When the reports first began to appear of a polar vortex swooping down upon south central Texas to wreak havoc and destruction in the form of a historically early freeze, the Head Gardener and I scoffed. In 17 years on my corner of Katy, neither of us can remember the mercury dipping below freezing before December ... and we were unanimous in that. That in itself is as rare as a freeze in November!
'La Marne' rose, Country Girl mum, Salvia 'Henry Duelberg'
But as the forecast dipped lower and then lower again over the course of the week, I confess that we both began to wonder if perhaps we'd been too hasty in our judgment. By mid-day yesterday, models were showing a sustained period - 3 to 6 hours - of temperatures in the 28 to 30 degree range. The HG and I had to make a decision: did we unearth the frost cloth and old sheets from the depths of closets and the garage, then venture forth into the chilly and breezy afternoon to cover those plants which were not only tender, but valued?
Readers, we did not. We sat in our warm and comfy living room, read the latest Darling Dahlias cozy mystery from Susan Wittig Albert and told ourselves that we'd leave the fate of the garden up to Mother Nature. The frost cloth and sheets remained in the closet and garage, and we remained warm and comfy.

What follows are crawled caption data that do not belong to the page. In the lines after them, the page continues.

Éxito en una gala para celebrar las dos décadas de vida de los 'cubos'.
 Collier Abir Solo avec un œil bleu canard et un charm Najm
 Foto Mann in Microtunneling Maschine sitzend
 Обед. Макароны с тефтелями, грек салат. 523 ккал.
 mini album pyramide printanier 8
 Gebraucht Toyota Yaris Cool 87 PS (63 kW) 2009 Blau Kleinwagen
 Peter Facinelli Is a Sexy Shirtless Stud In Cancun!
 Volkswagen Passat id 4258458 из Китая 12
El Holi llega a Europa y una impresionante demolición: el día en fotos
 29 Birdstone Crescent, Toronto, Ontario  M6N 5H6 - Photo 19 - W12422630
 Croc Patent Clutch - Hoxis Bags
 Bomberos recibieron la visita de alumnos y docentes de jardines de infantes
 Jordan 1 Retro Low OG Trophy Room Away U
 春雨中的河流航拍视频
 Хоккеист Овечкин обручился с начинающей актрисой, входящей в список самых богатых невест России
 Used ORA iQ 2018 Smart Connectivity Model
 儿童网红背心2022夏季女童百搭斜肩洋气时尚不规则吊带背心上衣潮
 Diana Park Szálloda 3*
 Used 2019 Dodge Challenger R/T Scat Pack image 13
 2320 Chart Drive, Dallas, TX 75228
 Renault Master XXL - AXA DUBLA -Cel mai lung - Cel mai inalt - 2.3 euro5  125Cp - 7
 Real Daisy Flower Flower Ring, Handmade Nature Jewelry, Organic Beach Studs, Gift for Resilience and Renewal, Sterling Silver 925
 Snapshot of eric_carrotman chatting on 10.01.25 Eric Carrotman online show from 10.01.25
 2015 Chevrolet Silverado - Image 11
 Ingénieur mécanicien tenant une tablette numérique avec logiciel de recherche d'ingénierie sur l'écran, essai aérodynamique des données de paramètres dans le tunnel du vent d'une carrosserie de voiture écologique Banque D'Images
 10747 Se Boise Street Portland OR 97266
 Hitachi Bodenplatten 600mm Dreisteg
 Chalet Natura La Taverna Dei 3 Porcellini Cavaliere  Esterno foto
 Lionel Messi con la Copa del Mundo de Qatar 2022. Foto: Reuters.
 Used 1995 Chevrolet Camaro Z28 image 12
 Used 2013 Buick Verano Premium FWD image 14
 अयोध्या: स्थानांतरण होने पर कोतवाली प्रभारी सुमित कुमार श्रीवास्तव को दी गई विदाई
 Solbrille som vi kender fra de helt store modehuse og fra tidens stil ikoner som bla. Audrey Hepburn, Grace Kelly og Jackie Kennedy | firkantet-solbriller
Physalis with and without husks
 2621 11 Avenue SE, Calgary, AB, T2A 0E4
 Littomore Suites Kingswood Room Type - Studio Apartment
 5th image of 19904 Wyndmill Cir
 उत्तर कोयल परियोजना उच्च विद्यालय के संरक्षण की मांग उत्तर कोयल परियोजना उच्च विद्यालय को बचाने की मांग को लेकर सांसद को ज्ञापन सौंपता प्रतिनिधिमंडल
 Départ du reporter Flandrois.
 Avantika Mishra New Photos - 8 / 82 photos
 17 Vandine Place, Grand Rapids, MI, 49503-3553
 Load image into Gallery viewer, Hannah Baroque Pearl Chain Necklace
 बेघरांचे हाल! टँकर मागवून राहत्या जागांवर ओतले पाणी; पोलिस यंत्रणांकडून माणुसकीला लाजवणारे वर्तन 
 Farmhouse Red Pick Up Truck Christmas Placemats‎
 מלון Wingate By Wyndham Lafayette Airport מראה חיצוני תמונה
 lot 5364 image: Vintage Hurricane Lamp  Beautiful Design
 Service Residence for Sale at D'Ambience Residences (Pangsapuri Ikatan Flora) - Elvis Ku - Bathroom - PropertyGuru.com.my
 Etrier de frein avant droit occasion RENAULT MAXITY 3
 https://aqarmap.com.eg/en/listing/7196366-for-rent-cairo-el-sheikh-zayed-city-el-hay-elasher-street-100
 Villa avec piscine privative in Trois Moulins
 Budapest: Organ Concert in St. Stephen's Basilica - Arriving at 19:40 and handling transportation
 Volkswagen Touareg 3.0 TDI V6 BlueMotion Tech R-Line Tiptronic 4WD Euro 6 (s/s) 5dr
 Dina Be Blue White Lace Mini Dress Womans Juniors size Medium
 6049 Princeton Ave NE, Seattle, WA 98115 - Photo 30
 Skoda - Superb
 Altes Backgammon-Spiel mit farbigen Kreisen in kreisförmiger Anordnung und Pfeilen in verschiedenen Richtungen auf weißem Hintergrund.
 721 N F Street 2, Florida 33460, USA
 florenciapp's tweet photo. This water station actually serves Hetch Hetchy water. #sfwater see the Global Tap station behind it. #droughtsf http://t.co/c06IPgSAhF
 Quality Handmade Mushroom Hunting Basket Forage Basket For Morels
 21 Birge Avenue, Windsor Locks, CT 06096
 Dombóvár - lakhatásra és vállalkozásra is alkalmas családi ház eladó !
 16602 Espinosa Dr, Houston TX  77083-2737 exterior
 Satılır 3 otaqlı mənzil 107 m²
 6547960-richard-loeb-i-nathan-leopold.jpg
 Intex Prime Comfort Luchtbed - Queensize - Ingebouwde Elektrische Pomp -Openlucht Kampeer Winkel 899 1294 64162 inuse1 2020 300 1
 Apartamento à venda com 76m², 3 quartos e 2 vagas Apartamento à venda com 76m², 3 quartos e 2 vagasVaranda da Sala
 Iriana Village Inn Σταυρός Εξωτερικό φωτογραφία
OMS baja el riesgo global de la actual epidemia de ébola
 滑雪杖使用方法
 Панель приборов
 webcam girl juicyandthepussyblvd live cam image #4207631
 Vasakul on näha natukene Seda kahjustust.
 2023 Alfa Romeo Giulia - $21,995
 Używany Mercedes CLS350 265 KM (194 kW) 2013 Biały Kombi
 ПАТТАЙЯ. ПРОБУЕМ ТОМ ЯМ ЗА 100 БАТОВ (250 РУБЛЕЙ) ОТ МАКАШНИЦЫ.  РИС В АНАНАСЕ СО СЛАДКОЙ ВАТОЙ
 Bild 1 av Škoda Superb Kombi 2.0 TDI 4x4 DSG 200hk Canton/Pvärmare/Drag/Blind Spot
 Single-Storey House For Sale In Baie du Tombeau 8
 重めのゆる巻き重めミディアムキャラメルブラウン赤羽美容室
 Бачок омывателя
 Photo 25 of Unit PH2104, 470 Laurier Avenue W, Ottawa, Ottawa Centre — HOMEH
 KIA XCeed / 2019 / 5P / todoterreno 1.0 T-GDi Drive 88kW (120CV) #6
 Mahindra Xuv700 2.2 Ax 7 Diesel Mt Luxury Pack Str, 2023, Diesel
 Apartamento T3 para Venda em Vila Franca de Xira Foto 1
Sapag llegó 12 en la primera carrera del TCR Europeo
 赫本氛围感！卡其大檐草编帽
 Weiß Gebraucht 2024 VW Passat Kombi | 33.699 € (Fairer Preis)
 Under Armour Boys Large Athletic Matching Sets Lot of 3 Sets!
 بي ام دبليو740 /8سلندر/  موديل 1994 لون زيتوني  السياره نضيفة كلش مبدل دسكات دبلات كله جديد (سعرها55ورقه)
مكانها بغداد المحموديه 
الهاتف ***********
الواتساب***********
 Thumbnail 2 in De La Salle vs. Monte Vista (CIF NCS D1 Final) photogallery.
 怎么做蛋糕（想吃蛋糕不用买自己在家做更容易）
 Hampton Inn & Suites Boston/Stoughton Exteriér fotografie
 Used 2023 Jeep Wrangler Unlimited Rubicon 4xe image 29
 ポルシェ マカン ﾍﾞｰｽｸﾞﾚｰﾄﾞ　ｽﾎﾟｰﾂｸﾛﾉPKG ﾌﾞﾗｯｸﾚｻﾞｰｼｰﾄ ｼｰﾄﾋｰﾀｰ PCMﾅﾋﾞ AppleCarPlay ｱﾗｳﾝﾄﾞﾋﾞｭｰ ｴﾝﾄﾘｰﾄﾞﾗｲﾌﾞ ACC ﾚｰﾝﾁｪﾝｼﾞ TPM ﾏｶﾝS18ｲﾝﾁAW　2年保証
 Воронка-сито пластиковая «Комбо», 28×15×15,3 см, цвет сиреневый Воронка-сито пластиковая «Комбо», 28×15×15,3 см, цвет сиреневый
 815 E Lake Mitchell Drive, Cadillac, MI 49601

Ribbon Bush, Hypoestes aristata
And we chose well ... The HG's first thought upon waking was to check the temperature. 37 degrees is unseasonably cold but not cold enough to damage most of the plants on my corner of Katy. We haven't gone walkabout yet to survey the garden but when we do, we don't expect to find anything of real concern. We were ready to say goodbye to the coleus, anyway!